No está claro —ni nunca lo estará, a pesar de los intentos explicativos de declaraciones públicas de los agresores— si la rabia acumulada era contra carabineros, Mario Salas o el mundo que está plagado de injusticias. Y de verdad, no importa. La acción fue criminal y los que lanzaron la luminaria fogosa a la cancha David Arellano son delincuentes. Simple y sencillamente.
Claro, en el momento de las exigencias sociales y de la rabia por la muerte y mutilaciones de hinchas identificados con los colores blancos, pareciera ser “entendible” que el “pueblo” se exprese a través de acciones violentas porque, en el fondo, como lo expresa la historia, aquella es la única forma de producir revoluciones que permitan cambios y se logre algo de justicia.

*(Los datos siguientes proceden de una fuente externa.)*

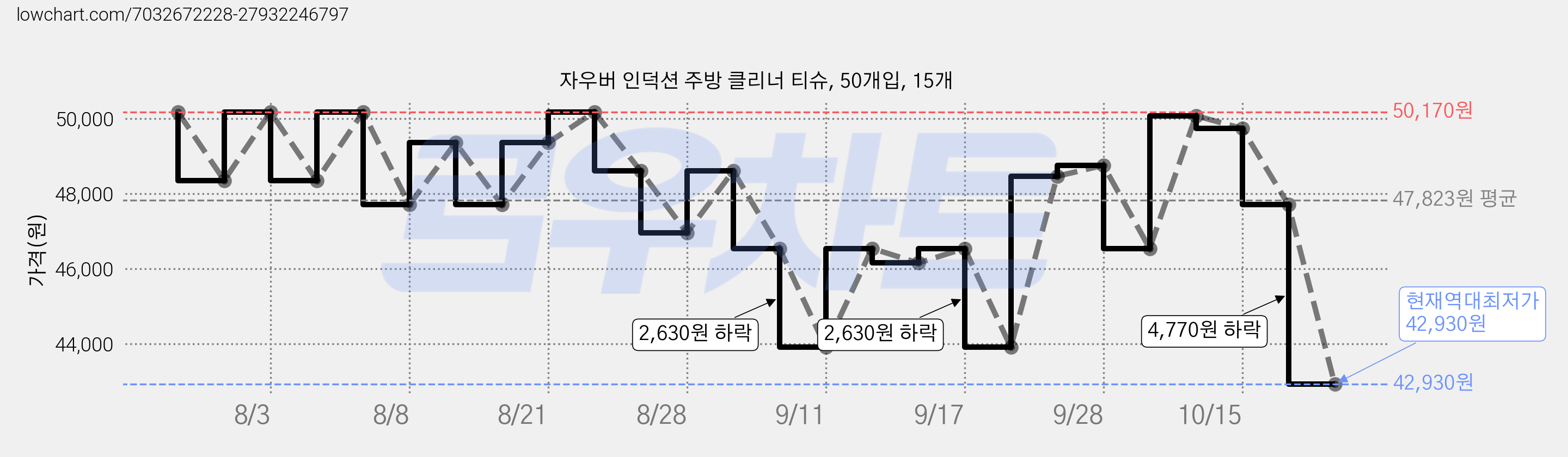 자우버 인덕션 주방 클리너 티슈, 50개입, 15개 가격 변동 차트, 현재가 42,930원, 역대최저가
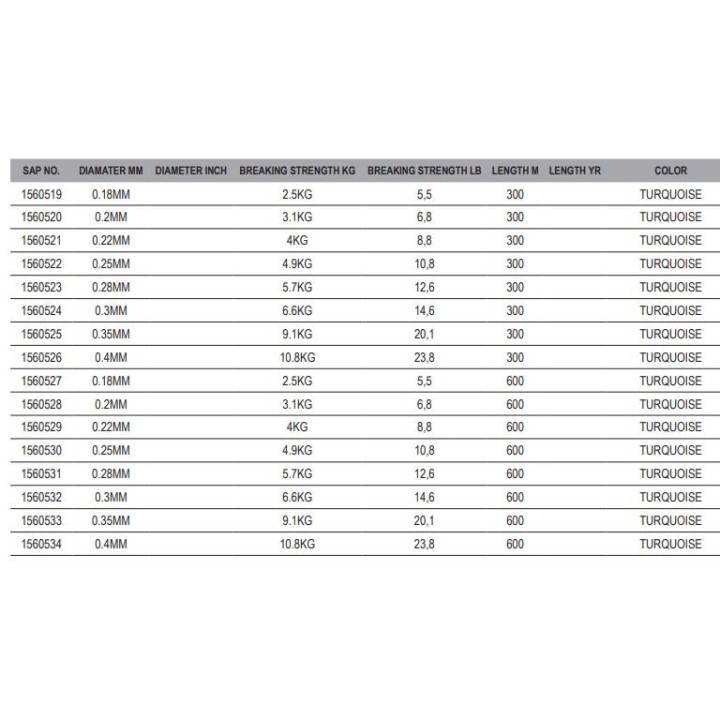 Berkley NAUTIL SURF MONOFILAMENT TURQUOISE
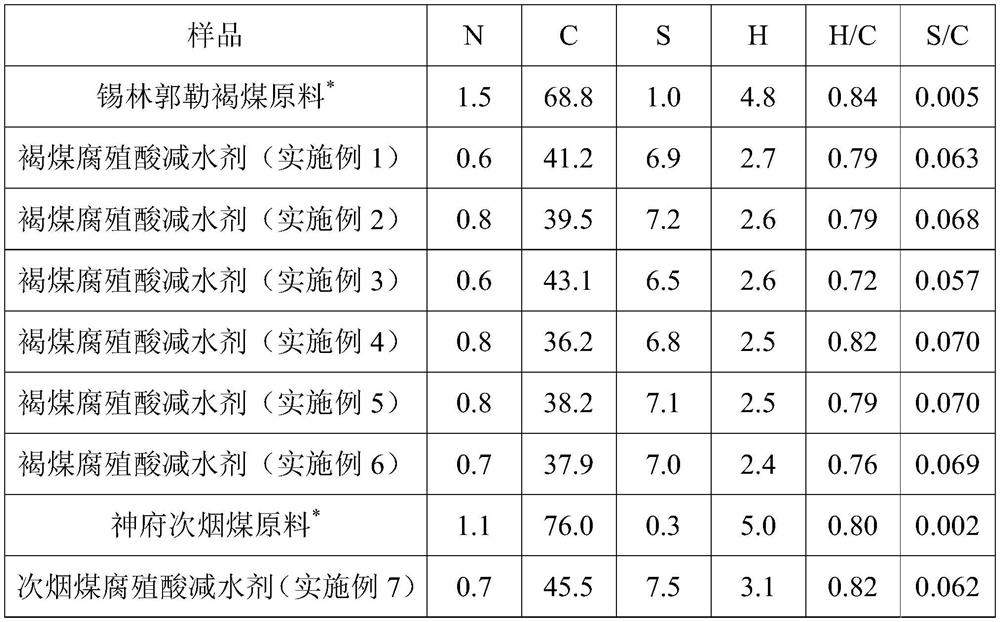 A kind of preparation method of low-rank coal-based superplasticizer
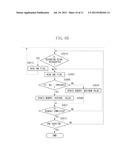 IMAGE CAPTURE APPARATUS AND CONTROL METHOD FOR THE IMAGE CAPTURE APPARATUS diagram and image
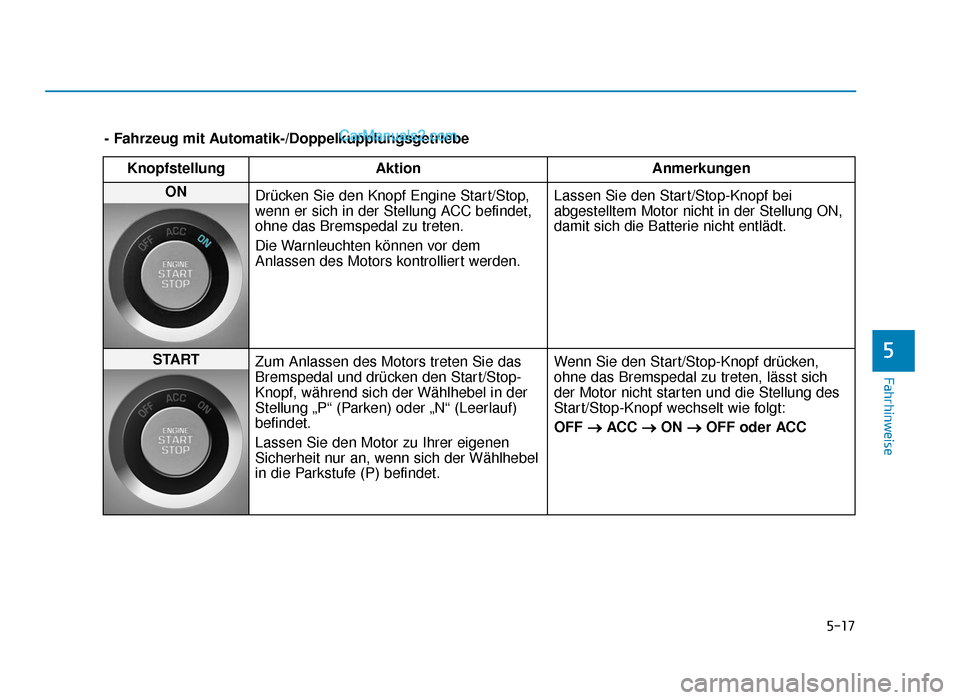 Hyundai Tucson 2019 Betriebsanleitung (in German) 5-17
Fahrhinweise
5
- Fahrzeug mit Automatik-/DoppelkupplungsgetriebeKnopfstellung Aktion Anmerkungen
ON
Drücken Sie den Knopf Engine Start/Stop,
wenn er sich in der Stellung ACC befindet,
ohne das Hyundai Tucson 2019 Betriebsanleitung (in German) 5-17
Fahrhinweise
5
- Fahrzeug mit Automatik-/DoppelkupplungsgetriebeKnopfstellung Aktion Anmerkungen
ON
Drücken Sie den Knopf Engine Start/Stop,
wenn er sich in der Stellung ACC befindet,
ohne das
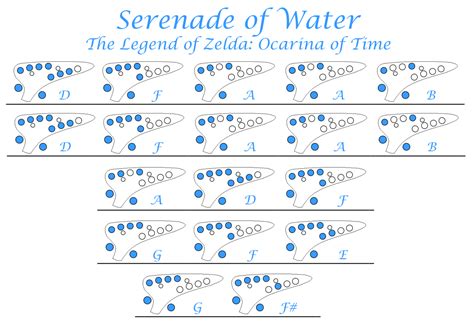 “Serenade of Water” (Water Temple) - Koji Kondo ... - Easy Ocarina Tabs!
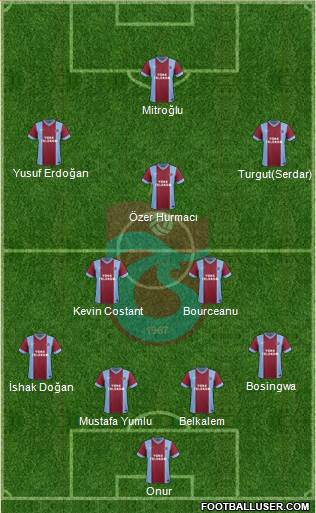 Trabzonspor Formation 2014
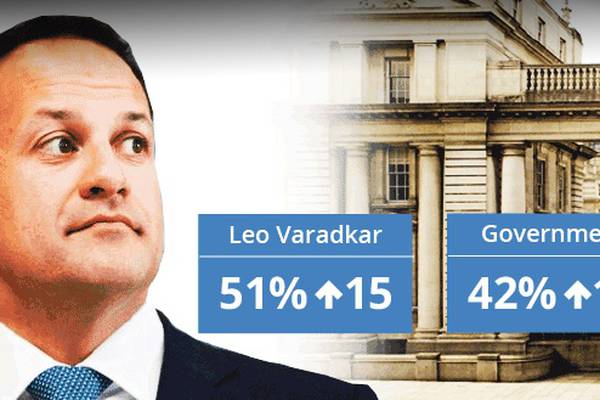 Irish Times poll: Varadkar’s approval rating rises above 50%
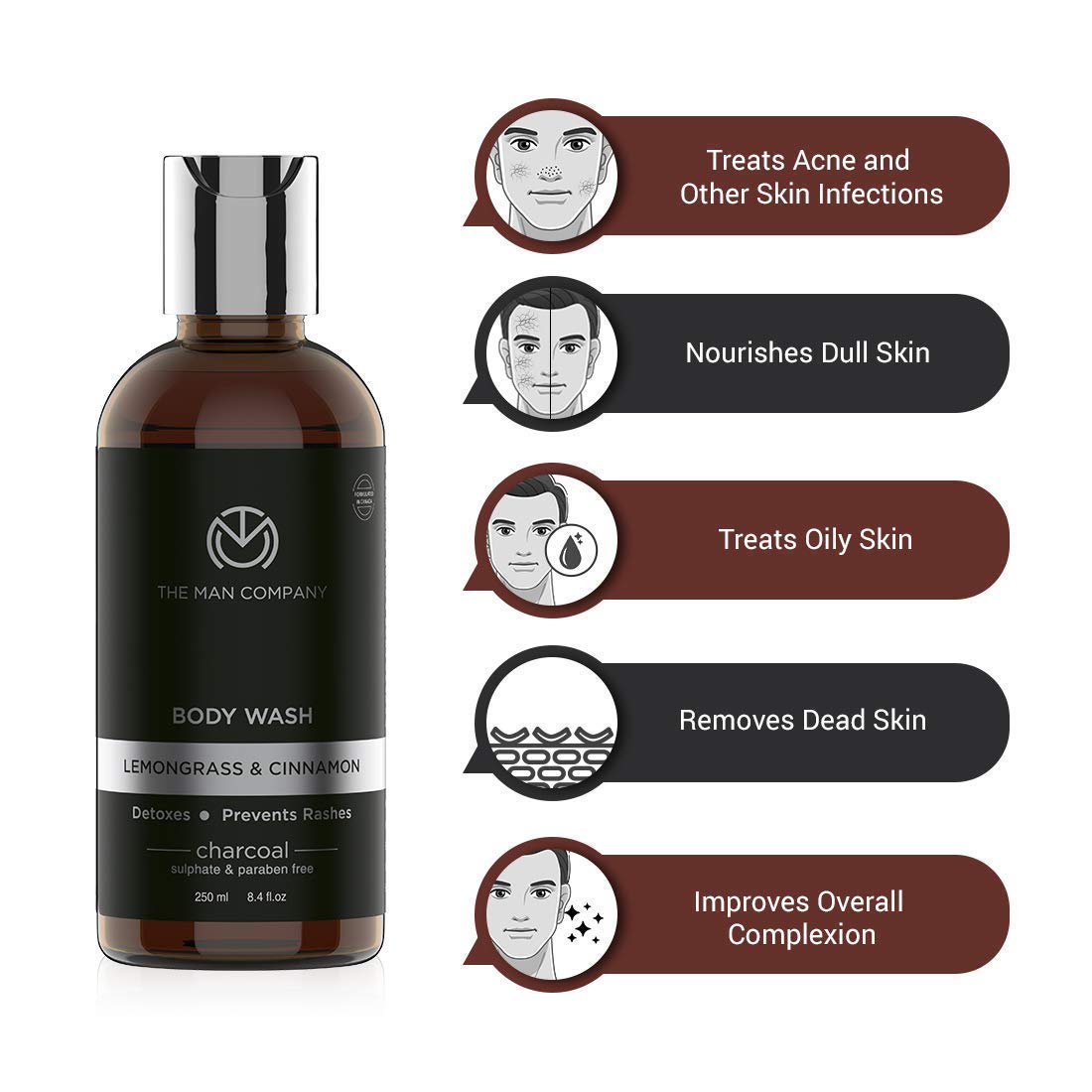 The Man Company Charcoal Kit Set Of 6 - Body Wash, Shampoo, Face Scrub, Face Wash, Cleansing Gel, Soap | Best Gift for Men | Combo Set for Husband, Boyfriend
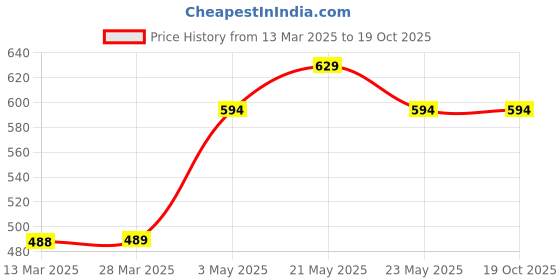 tatacliq.com Fame Forever by Lifestyle Kids Multicolor Printed Regular Fit T-Shirt fame forever by lifestyle Price History Graph from 13 Mar 2025 to 18 Oct 2025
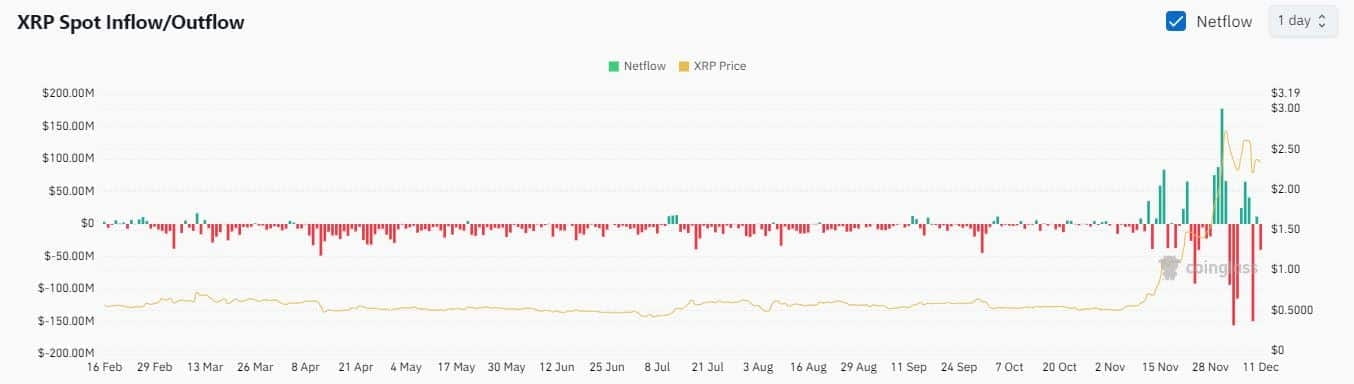 XRP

Pero no. Esa es la manera cobarde de justificar la carencia de racionalidad.
Y no es que ahora estemos descubriendo la pólvora.
Hace tiempo que los grupos de hinchas del fútbol asociados como manadas se creen con el derecho a utilizar la ruptura violenta como símbolo de su frustración y arma de su reivindicación. Es parte de su génesis. Lo fue en culturas más avanzadas como las europeas y en países vecinos que se supone están más evolucionados y lo ha sido en Chile desde hace más de tres décadas, cuando a “dirigentes” que se creían más vivos que el resto empezaron a reclutar en colegios a jóvenes que cargaban con frustraciones familiares para “enseñarles” a canalizar esa ira frente al “enemigo” futbolero.
Inaguantables esos críos.
Se unieron en piños colocándose camisetas blancas, azules, celestes, verdes y de tonos combinados, pintaron trapos con citas revolucionarias que fueron combinando con rostros desconocidos de “héroes” caídos y terminaron por tomar el control total de la actividad apoyados muchas veces por los propios conspicuos dirigentes deportivos y políticos que hoy salen a hablar de “castigos ejemplificadores”.
Hay que ser cara de palo para ahora dar clases de lo que hay que hacer.
Ya no lo hicieron. El fútbol, como quedó demostrado el domingo en el Monumental, les importa a todos un soberano pepino.